═══ Task inputs ═══

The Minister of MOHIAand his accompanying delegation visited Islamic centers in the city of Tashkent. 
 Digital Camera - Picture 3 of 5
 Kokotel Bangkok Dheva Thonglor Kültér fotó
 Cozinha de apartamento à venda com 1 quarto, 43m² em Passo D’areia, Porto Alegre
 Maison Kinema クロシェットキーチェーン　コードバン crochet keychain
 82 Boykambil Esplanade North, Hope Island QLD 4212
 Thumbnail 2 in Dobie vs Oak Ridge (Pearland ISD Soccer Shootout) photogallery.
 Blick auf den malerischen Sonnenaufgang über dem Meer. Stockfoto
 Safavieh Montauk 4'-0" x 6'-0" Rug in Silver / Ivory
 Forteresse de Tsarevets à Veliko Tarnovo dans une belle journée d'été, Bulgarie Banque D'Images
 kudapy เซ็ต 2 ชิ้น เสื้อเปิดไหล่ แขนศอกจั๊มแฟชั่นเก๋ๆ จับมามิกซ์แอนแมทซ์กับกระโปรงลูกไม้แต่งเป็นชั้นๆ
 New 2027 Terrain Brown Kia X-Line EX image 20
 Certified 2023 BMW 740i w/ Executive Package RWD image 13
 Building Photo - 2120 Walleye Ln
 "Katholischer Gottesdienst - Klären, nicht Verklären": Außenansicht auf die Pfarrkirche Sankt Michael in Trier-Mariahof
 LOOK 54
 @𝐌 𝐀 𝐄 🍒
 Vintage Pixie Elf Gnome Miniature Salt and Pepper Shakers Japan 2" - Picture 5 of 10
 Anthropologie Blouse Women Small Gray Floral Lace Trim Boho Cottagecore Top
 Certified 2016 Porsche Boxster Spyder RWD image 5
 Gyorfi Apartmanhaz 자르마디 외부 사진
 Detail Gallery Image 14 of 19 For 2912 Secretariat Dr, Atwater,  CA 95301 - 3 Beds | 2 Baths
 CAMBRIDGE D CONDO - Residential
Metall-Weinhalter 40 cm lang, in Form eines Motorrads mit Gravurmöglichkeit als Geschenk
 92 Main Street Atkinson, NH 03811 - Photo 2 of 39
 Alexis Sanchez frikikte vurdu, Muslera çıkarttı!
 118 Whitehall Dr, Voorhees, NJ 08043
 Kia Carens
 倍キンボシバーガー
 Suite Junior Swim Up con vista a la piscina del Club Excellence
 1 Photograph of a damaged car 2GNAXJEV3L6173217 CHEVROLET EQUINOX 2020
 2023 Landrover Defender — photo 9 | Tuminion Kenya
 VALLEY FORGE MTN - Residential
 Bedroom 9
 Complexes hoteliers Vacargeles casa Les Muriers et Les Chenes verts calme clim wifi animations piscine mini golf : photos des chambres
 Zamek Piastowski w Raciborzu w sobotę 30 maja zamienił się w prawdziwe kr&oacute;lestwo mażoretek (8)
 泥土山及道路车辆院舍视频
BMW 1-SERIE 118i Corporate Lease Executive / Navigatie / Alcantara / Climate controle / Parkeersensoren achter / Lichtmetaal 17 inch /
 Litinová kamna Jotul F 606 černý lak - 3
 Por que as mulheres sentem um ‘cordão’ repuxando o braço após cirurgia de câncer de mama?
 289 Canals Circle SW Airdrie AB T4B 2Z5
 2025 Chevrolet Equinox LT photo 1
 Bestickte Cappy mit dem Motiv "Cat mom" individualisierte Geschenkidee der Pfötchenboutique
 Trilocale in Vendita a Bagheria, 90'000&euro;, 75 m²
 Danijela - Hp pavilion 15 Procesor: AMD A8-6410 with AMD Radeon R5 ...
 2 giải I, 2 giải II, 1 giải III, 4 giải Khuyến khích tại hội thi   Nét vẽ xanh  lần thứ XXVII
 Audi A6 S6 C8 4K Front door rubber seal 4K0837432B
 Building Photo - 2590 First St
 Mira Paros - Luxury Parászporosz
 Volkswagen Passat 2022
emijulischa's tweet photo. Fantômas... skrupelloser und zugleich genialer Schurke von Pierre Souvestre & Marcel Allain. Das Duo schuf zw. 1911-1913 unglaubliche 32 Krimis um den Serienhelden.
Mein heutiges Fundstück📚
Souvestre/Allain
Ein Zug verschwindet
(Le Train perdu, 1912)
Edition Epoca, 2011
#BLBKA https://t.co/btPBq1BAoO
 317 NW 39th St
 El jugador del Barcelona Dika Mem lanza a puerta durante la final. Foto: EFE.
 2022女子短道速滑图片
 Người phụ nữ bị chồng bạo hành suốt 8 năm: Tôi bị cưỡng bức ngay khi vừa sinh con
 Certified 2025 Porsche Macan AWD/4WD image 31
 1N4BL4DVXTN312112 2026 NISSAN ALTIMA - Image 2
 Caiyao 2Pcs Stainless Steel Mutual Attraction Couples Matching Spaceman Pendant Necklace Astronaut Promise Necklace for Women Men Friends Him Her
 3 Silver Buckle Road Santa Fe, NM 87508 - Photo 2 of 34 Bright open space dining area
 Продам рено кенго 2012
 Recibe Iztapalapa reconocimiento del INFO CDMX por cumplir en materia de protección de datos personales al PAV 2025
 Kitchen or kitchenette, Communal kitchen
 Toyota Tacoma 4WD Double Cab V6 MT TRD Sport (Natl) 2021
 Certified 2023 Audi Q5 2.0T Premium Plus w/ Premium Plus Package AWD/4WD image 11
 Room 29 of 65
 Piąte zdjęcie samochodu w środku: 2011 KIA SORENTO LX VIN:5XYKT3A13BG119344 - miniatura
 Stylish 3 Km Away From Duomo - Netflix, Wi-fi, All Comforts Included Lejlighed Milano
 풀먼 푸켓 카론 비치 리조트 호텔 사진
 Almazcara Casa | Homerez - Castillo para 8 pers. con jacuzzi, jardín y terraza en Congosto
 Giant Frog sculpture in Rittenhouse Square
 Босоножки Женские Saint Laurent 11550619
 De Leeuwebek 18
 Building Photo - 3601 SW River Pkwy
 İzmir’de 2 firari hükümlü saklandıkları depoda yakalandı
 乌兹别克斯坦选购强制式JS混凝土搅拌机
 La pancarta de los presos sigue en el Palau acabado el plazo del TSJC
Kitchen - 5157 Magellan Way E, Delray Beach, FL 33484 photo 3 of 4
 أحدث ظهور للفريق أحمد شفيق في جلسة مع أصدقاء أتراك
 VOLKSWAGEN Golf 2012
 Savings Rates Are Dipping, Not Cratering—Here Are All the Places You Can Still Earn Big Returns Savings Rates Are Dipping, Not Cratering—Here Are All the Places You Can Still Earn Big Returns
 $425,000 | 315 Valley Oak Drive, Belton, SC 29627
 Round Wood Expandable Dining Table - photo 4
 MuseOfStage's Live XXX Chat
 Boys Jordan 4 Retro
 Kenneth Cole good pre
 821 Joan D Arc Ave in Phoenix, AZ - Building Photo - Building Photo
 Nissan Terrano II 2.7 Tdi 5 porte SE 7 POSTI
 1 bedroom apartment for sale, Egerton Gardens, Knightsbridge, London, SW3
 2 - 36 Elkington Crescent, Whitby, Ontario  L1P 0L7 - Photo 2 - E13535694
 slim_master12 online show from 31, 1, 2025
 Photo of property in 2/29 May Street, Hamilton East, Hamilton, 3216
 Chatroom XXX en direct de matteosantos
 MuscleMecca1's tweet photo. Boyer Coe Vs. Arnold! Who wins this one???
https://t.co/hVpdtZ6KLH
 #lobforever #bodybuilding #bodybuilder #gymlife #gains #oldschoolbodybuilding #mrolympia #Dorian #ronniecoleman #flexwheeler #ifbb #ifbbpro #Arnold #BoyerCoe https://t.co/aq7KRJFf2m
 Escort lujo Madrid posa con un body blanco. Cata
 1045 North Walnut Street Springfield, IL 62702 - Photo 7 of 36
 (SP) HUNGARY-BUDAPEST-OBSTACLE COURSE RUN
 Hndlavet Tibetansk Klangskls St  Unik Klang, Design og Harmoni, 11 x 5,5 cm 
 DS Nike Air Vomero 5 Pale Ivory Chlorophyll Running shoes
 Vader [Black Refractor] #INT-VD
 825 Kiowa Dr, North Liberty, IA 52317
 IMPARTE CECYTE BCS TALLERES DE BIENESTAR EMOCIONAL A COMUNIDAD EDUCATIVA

═══

Problem description: Retype only the lines above between the line with "Trilocale in Vendita" and the line with "Ein Zug verschwindet", counting those two lines as well, and keep every character as it is.

Expected answer:
 Trilocale in Vendita a Bagheria, 90'000&euro;, 75 m²
 Danijela - Hp pavilion 15 Procesor: AMD A8-6410 with AMD Radeon R5 ...
 2 giải I, 2 giải II, 1 giải III, 4 giải Khuyến khích tại hội thi   Nét vẽ xanh  lần thứ XXVII
 Audi A6 S6 C8 4K Front door rubber seal 4K0837432B
 Building Photo - 2590 First St
 Mira Paros - Luxury Parászporosz
 Volkswagen Passat 2022
emijulischa's tweet photo. Fantômas... skrupelloser und zugleich genialer Schurke von Pierre Souvestre & Marcel Allain. Das Duo schuf zw. 1911-1913 unglaubliche 32 Krimis um den Serienhelden.
Mein heutiges Fundstück📚
Souvestre/Allain
Ein Zug verschwindet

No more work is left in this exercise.